● **Problem requirements**
Exactly as written, set down every entry once more.

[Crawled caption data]

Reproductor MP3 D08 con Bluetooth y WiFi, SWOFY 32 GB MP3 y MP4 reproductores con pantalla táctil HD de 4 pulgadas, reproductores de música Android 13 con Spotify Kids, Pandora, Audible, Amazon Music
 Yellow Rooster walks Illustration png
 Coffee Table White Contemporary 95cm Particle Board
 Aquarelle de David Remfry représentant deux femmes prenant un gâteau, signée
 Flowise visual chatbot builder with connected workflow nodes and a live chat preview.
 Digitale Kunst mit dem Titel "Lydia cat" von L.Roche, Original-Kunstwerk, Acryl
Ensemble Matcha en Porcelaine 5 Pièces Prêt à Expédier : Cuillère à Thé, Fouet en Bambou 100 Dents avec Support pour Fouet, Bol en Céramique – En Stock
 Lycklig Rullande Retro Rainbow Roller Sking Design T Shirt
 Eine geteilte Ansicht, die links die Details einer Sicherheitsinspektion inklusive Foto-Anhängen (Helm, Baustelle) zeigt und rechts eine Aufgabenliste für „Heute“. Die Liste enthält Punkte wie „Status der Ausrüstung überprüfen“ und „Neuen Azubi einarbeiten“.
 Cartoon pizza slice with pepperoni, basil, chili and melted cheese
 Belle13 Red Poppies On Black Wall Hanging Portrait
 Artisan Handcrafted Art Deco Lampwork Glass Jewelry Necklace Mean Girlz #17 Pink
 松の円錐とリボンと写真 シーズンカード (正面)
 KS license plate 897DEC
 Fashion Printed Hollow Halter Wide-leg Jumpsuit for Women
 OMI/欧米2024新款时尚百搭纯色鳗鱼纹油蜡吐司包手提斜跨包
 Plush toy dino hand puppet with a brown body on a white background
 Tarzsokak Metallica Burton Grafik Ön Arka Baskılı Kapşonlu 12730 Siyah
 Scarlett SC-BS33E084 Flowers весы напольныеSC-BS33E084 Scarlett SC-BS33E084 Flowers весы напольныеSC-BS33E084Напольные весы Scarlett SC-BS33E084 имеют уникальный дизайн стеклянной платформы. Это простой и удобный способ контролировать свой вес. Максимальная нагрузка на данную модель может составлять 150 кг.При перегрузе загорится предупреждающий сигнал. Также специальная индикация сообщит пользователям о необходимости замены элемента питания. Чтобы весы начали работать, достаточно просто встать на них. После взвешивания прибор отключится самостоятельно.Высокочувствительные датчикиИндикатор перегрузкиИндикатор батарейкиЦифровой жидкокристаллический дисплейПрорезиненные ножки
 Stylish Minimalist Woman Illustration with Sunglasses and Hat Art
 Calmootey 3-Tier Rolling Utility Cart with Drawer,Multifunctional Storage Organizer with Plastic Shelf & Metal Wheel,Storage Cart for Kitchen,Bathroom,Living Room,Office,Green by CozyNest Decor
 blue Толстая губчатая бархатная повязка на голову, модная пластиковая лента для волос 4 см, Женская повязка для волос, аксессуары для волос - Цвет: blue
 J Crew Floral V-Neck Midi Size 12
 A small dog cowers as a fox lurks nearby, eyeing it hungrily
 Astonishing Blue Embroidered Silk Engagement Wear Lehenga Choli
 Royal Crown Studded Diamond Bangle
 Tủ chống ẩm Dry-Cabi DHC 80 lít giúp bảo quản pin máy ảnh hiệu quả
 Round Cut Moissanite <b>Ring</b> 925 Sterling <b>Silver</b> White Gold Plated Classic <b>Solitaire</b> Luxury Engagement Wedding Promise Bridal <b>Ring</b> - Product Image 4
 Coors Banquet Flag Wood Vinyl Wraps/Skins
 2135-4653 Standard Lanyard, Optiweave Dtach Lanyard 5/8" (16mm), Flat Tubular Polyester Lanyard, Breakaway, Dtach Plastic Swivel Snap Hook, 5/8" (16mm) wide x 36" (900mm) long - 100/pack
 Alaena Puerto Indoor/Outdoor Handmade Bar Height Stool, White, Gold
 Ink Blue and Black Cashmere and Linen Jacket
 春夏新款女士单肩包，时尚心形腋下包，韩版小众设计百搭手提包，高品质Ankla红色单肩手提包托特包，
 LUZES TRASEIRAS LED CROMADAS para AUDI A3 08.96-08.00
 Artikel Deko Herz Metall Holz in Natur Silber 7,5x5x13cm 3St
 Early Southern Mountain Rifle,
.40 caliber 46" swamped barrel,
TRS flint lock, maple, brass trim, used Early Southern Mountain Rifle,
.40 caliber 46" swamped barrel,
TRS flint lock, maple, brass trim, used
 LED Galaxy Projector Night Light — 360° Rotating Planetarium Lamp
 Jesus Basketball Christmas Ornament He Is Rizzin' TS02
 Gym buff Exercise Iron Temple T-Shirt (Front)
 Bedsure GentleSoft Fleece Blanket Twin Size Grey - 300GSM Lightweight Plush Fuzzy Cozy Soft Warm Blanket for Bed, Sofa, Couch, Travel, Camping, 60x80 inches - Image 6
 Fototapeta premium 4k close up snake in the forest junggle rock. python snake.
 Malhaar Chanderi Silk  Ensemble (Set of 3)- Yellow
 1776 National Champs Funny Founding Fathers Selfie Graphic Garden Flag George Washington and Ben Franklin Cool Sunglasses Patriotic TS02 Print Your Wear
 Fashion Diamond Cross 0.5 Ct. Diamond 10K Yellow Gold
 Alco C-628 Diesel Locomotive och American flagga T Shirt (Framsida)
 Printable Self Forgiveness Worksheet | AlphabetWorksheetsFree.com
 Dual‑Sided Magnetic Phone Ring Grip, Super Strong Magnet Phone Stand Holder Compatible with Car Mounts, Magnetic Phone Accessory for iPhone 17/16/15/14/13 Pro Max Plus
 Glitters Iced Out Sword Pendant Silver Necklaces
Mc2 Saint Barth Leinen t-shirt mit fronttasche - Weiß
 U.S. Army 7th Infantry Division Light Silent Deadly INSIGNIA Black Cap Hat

● **Output**
Reproductor MP3 D08 con Bluetooth y WiFi, SWOFY 32 GB MP3 y MP4 reproductores con pantalla táctil HD de 4 pulgadas, reproductores de música Android 13 con Spotify Kids, Pandora, Audible, Amazon Music
 Yellow Rooster walks Illustration png
 Coffee Table White Contemporary 95cm Particle Board
 Aquarelle de David Remfry représentant deux femmes prenant un gâteau, signée
 Flowise visual chatbot builder with connected workflow nodes and a live chat preview.
 Digitale Kunst mit dem Titel "Lydia cat" von L.Roche, Original-Kunstwerk, Acryl
Ensemble Matcha en Porcelaine 5 Pièces Prêt à Expédier : Cuillère à Thé, Fouet en Bambou 100 Dents avec Support pour Fouet, Bol en Céramique – En Stock
 Lycklig Rullande Retro Rainbow Roller Sking Design T Shirt
 Eine geteilte Ansicht, die links die Details einer Sicherheitsinspektion inklusive Foto-Anhängen (Helm, Baustelle) zeigt und rechts eine Aufgabenliste für „Heute“. Die Liste enthält Punkte wie „Status der Ausrüstung überprüfen“ und „Neuen Azubi einarbeiten“.
 Cartoon pizza slice with pepperoni, basil, chili and melted cheese
 Belle13 Red Poppies On Black Wall Hanging Portrait
 Artisan Handcrafted Art Deco Lampwork Glass Jewelry Necklace Mean Girlz #17 Pink
 松の円錐とリボンと写真 シーズンカード (正面)
 KS license plate 897DEC
 Fashion Printed Hollow Halter Wide-leg Jumpsuit for Women
 OMI/欧米2024新款时尚百搭纯色鳗鱼纹油蜡吐司包手提斜跨包
 Plush toy dino hand puppet with a brown body on a white background
 Tarzsokak Metallica Burton Grafik Ön Arka Baskılı Kapşonlu 12730 Siyah
 Scarlett SC-BS33E084 Flowers весы напольныеSC-BS33E084 Scarlett SC-BS33E084 Flowers весы напольныеSC-BS33E084Напольные весы Scarlett SC-BS33E084 имеют уникальный дизайн стеклянной платформы. Это простой и удобный способ контролировать свой вес. Максимальная нагрузка на данную модель может составлять 150 кг.При перегрузе загорится предупреждающий сигнал. Также специальная индикация сообщит пользователям о необходимости замены элемента питания. Чтобы весы начали работать, достаточно просто встать на них. После взвешивания прибор отключится самостоятельно.Высокочувствительные датчикиИндикатор перегрузкиИндикатор батарейкиЦифровой жидкокристаллический дисплейПрорезиненные ножки
 Stylish Minimalist Woman Illustration with Sunglasses and Hat Art
 Calmootey 3-Tier Rolling Utility Cart with Drawer,Multifunctional Storage Organizer with Plastic Shelf & Metal Wheel,Storage Cart for Kitchen,Bathroom,Living Room,Office,Green by CozyNest Decor
 blue Толстая губчатая бархатная повязка на голову, модная пластиковая лента для волос 4 см, Женская повязка для волос, аксессуары для волос - Цвет: blue
 J Crew Floral V-Neck Midi Size 12
 A small dog cowers as a fox lurks nearby, eyeing it hungrily
 Astonishing Blue Embroidered Silk Engagement Wear Lehenga Choli
 Royal Crown Studded Diamond Bangle
 Tủ chống ẩm Dry-Cabi DHC 80 lít giúp bảo quản pin máy ảnh hiệu quả
 Round Cut Moissanite <b>Ring</b> 925 Sterling <b>Silver</b> White Gold Plated Classic <b>Solitaire</b> Luxury Engagement Wedding Promise Bridal <b>Ring</b> - Product Image 4
 Coors Banquet Flag Wood Vinyl Wraps/Skins
 2135-4653 Standard Lanyard, Optiweave Dtach Lanyard 5/8" (16mm), Flat Tubular Polyester Lanyard, Breakaway, Dtach Plastic Swivel Snap Hook, 5/8" (16mm) wide x 36" (900mm) long - 100/pack
 Alaena Puerto Indoor/Outdoor Handmade Bar Height Stool, White, Gold
 Ink Blue and Black Cashmere and Linen Jacket
 春夏新款女士单肩包，时尚心形腋下包，韩版小众设计百搭手提包，高品质Ankla红色单肩手提包托特包，
 LUZES TRASEIRAS LED CROMADAS para AUDI A3 08.96-08.00
 Artikel Deko Herz Metall Holz in Natur Silber 7,5x5x13cm 3St
 Early Southern Mountain Rifle,
.40 caliber 46" swamped barrel,
TRS flint lock, maple, brass trim, used Early Southern Mountain Rifle,
.40 caliber 46" swamped barrel,
TRS flint lock, maple, brass trim, used
 LED Galaxy Projector Night Light — 360° Rotating Planetarium Lamp
 Jesus Basketball Christmas Ornament He Is Rizzin' TS02
 Gym buff Exercise Iron Temple T-Shirt (Front)
 Bedsure GentleSoft Fleece Blanket Twin Size Grey - 300GSM Lightweight Plush Fuzzy Cozy Soft Warm Blanket for Bed, Sofa, Couch, Travel, Camping, 60x80 inches - Image 6
 Fototapeta premium 4k close up snake in the forest junggle rock. python snake.
 Malhaar Chanderi Silk  Ensemble (Set of 3)- Yellow
 1776 National Champs Funny Founding Fathers Selfie Graphic Garden Flag George Washington and Ben Franklin Cool Sunglasses Patriotic TS02 Print Your Wear
 Fashion Diamond Cross 0.5 Ct. Diamond 10K Yellow Gold
 Alco C-628 Diesel Locomotive och American flagga T Shirt (Framsida)
 Printable Self Forgiveness Worksheet | AlphabetWorksheetsFree.com
 Dual‑Sided Magnetic Phone Ring Grip, Super Strong Magnet Phone Stand Holder Compatible with Car Mounts, Magnetic Phone Accessory for iPhone 17/16/15/14/13 Pro Max Plus
 Glitters Iced Out Sword Pendant Silver Necklaces
Mc2 Saint Barth Leinen t-shirt mit fronttasche - Weiß
 U.S. Army 7th Infantry Division Light Silent Deadly INSIGNIA Black Cap Hat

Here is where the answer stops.